WHAT YOU HAVE TO DO:
Check every line of the entries that follow, and copy the ones containing "Outdoor".

DATA:
------------------------------------

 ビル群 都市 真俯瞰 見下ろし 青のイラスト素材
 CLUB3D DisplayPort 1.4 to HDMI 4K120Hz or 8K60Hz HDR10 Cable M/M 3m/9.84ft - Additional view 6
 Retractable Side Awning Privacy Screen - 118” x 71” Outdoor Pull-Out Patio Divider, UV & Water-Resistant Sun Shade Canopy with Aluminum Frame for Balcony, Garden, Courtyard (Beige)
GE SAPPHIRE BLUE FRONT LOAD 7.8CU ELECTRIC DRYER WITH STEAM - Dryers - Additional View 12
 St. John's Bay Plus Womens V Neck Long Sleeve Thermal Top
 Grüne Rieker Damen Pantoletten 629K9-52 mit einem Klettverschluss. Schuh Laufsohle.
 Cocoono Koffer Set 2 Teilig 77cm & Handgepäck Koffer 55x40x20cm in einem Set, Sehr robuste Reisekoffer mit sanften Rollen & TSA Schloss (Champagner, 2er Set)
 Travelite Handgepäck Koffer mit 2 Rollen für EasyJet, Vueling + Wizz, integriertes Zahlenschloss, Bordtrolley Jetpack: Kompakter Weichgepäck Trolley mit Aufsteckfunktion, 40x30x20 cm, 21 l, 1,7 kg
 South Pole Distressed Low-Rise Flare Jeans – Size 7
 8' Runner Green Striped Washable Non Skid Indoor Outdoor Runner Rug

------------------------------------

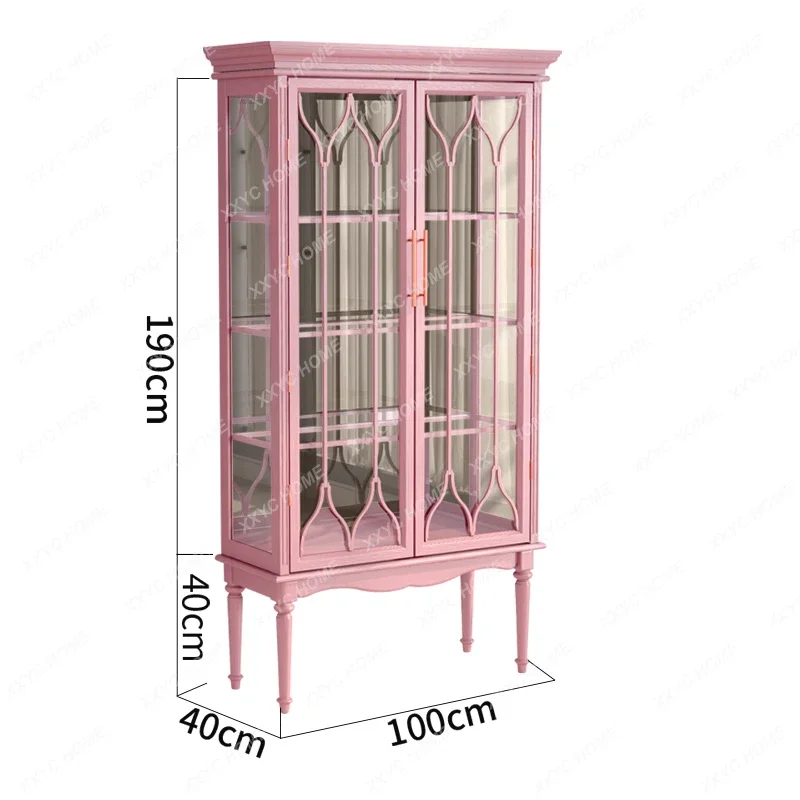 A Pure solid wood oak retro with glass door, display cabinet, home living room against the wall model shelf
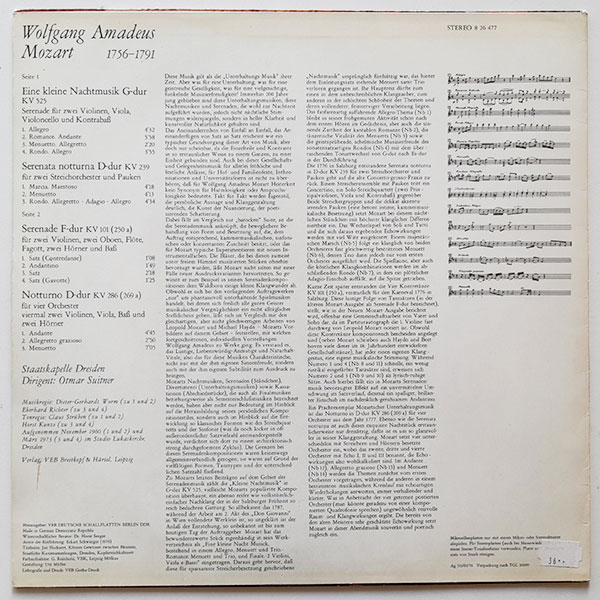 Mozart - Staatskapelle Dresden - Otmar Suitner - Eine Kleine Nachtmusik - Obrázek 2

------------------------------------

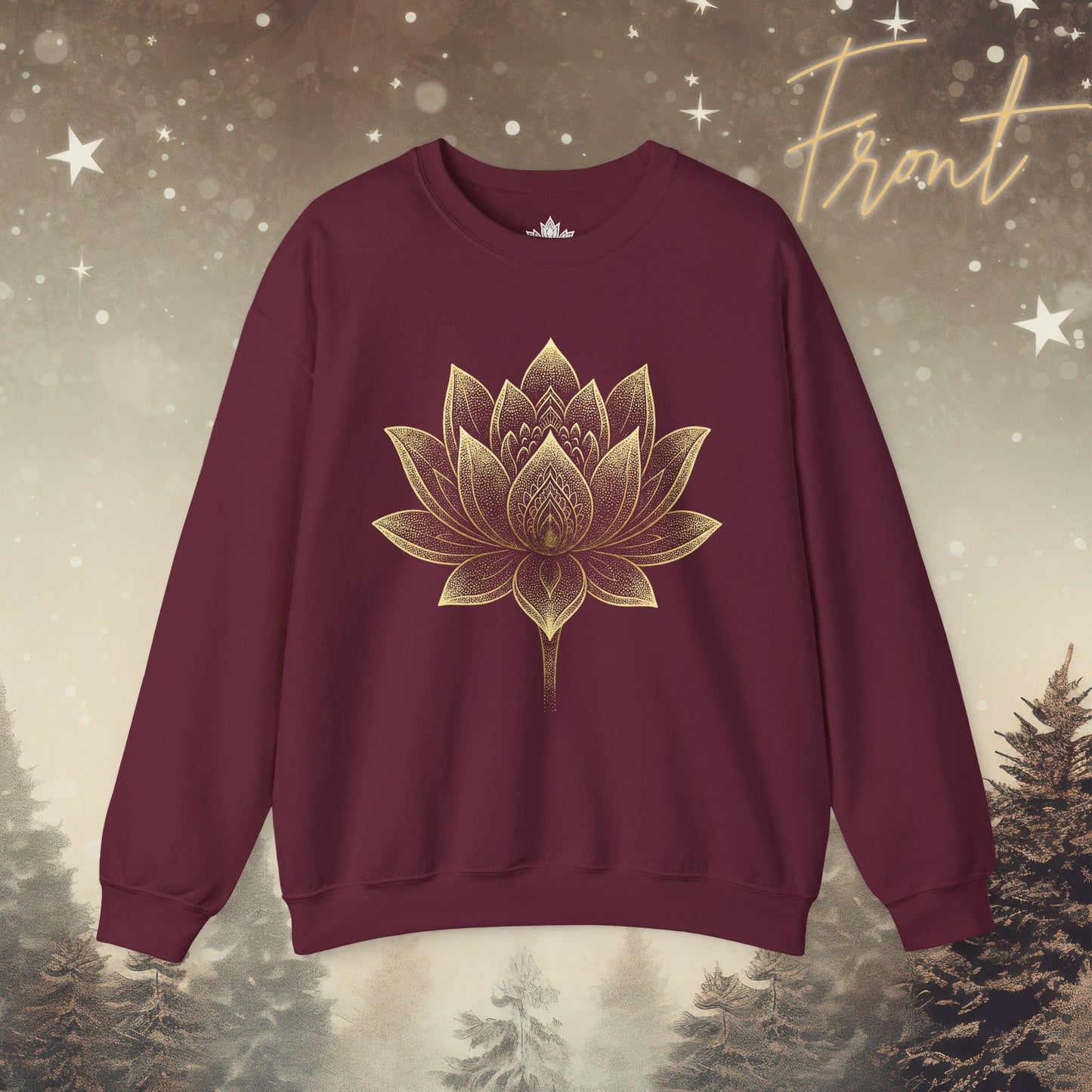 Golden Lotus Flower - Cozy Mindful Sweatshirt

------------------------------------

WRITTEN SOLUTION:
 Retractable Side Awning Privacy Screen - 118” x 71” Outdoor Pull-Out Patio Divider, UV & Water-Resistant Sun Shade Canopy with Aluminum Frame for Balcony, Garden, Courtyard (Beige)
 8' Runner Green Striped Washable Non Skid Indoor Outdoor Runner Rug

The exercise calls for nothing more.